If you’re still someone learning about GA4 (as I am), I’d recommend checking out this GA4 vs. UA comparison or this list of updated GA4 questions. You can also subscribe to the Root and Branch YouTube channel for an updated video every week or so. I’ll see you there! There are explainers and tutorials for tracking like this.
- GA4 page timer tracking
- Bounce rate in GA4 vs UA
- How to set up a GA4 form submission conversion
- View your UTM tagged campaign data in GA4
- How to create the Source/Medium traffic report in GA4
- Set up a custom dimension in 7 steps (and why you need to if you want to see event parameter data)
- Goals in GA4 explained vs UA
- How to link Google Ads and GA4
- How to link Google Search Console and GA4
About Root & Branch
Root & Branch is a certified Google Partner agency and focuses on paid search (PPC), SEO, Local SEO, and Google Analytics. You can learn more about us here. Or hit the button below to check out YouTube for more digital marketing tips and training resources.
Hey, thanks for article, but it has a few mistakes, could you please clarify?
“forward slash symbols (\) ” → That’s called a backslash.
How forward slashes (/) are interpreted in GA4? I found some sources saying you have to escape it with a backslash, some saying you don’t have to escape it. Unfortunately neither approach seem to work for me in GA4.
Regex “https://rootandbranchgroup.com\/…” → You’re mixing the 2 approaches. So how is it correctly?
Thanks.
Tom, hello!
Thanks for the thoughtful question and critiques. First, I appreciate the heads up on my forward slash (/) and back slash (\) goofs. I suppose I did say it was written by a dummy. Anyway, I’ve edited that and you have my thanks.

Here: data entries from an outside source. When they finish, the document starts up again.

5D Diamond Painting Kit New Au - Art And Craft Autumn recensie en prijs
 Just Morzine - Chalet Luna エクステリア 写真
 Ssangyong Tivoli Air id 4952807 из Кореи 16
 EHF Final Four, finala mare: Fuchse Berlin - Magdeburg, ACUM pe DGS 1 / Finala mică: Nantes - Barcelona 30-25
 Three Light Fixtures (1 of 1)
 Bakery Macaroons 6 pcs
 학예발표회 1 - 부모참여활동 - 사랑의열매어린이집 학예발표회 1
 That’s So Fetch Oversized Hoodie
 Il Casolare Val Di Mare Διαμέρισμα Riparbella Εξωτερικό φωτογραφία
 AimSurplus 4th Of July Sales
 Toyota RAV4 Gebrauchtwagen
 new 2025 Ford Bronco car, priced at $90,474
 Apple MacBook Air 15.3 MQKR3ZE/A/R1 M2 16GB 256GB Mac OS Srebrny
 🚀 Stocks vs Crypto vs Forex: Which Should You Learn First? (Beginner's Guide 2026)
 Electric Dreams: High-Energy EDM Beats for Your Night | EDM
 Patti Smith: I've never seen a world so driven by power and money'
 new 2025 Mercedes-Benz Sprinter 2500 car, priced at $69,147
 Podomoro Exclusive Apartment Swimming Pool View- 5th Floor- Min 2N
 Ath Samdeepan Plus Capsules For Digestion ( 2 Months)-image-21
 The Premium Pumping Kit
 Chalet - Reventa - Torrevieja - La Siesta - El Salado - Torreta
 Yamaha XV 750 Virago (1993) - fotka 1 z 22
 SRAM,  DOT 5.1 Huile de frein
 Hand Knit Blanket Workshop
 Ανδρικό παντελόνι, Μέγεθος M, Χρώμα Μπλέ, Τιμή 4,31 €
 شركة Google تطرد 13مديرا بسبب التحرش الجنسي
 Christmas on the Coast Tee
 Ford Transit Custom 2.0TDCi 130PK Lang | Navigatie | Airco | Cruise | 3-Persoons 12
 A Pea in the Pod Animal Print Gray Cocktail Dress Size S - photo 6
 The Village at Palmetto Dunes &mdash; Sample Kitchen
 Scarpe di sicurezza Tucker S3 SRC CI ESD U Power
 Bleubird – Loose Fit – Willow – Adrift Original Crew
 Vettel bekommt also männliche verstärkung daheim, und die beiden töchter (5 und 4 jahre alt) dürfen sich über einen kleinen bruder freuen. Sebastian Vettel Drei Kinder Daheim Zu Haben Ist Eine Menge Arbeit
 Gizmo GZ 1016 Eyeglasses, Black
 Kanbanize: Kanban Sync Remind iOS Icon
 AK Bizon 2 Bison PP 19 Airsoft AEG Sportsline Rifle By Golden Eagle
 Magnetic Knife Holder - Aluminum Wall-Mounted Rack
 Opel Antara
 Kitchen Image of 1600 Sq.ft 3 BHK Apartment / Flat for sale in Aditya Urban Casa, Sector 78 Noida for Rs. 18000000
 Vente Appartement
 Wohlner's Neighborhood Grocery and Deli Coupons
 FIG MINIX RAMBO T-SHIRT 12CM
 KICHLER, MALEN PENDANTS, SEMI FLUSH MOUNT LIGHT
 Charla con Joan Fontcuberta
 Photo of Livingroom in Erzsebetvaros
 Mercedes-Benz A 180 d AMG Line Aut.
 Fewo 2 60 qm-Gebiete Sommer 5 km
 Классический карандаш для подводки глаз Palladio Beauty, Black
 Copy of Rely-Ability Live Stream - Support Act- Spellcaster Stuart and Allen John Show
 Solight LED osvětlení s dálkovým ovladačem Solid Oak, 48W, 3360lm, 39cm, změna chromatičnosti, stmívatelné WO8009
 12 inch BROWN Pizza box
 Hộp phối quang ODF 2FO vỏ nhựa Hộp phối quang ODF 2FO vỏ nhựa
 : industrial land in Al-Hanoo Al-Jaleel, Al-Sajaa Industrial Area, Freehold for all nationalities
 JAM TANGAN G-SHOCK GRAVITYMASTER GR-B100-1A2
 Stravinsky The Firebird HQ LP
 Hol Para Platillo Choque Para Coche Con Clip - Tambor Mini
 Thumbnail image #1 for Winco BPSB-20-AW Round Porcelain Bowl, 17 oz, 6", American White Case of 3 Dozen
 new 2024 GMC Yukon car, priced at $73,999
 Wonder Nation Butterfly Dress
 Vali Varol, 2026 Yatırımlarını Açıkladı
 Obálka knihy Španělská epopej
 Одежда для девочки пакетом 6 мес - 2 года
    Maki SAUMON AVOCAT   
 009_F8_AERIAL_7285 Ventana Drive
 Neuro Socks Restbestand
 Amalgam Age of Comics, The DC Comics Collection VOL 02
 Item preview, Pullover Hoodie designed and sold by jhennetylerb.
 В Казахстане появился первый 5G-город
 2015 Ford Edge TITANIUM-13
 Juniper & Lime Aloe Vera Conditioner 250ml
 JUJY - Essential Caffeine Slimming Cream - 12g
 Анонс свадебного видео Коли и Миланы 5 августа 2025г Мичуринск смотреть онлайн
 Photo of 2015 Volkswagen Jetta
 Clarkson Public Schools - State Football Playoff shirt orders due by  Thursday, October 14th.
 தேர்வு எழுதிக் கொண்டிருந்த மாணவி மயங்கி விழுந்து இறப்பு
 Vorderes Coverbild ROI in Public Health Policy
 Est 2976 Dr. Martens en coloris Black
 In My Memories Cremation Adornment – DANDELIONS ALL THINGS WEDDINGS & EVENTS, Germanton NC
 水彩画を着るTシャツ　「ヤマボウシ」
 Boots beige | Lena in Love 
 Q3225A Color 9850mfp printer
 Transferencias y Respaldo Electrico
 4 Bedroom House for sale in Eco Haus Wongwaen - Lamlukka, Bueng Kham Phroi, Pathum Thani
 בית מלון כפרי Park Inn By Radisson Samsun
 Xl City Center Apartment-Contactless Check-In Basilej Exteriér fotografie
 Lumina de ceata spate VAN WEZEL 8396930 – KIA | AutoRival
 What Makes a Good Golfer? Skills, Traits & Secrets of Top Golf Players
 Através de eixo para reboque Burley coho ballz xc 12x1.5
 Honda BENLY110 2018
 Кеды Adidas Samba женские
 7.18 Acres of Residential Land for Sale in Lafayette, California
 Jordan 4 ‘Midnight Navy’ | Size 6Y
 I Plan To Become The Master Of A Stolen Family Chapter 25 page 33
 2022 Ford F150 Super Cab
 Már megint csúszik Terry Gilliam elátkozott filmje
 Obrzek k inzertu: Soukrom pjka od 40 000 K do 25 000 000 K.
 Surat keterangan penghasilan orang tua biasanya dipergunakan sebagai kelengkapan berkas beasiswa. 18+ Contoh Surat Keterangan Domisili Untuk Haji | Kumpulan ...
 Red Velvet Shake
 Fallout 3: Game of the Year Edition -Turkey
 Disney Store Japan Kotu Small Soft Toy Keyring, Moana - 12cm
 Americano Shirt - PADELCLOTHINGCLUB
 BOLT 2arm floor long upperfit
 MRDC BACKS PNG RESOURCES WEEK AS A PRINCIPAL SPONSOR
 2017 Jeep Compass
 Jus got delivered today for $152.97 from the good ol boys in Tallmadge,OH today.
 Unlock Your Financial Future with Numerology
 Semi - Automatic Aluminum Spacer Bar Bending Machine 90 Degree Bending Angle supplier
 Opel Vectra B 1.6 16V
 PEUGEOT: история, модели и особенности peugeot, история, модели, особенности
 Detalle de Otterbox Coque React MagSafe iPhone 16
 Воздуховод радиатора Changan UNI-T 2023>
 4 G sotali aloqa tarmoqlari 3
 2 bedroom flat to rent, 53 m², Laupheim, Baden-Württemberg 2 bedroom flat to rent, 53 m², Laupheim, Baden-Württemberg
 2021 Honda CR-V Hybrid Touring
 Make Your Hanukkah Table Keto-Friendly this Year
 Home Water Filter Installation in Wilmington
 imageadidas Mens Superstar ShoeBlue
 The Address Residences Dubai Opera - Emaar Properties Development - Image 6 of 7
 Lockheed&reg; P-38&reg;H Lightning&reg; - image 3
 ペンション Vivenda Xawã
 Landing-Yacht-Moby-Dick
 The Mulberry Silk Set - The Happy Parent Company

In terms of how forward slashes (/) are interpreted by GA4, my understanding was that they need to be escaped by the back slash (\), at least as how I was trying to use them in the example in the article. When I’ve tested (https://www.freeformatter.com/regex-tester.html) it has seemed to work out.
With that said, I also need to do some more digging on this now. Your comment made me look back at my event data and it’s not firing as I had expected. So clearly I’m missing something for GA4. I’ll do some more digging. In the meantime, if you happen to find the correct approach, I’ll be grateful for anything you can contribute to my continued edification. Thanks again.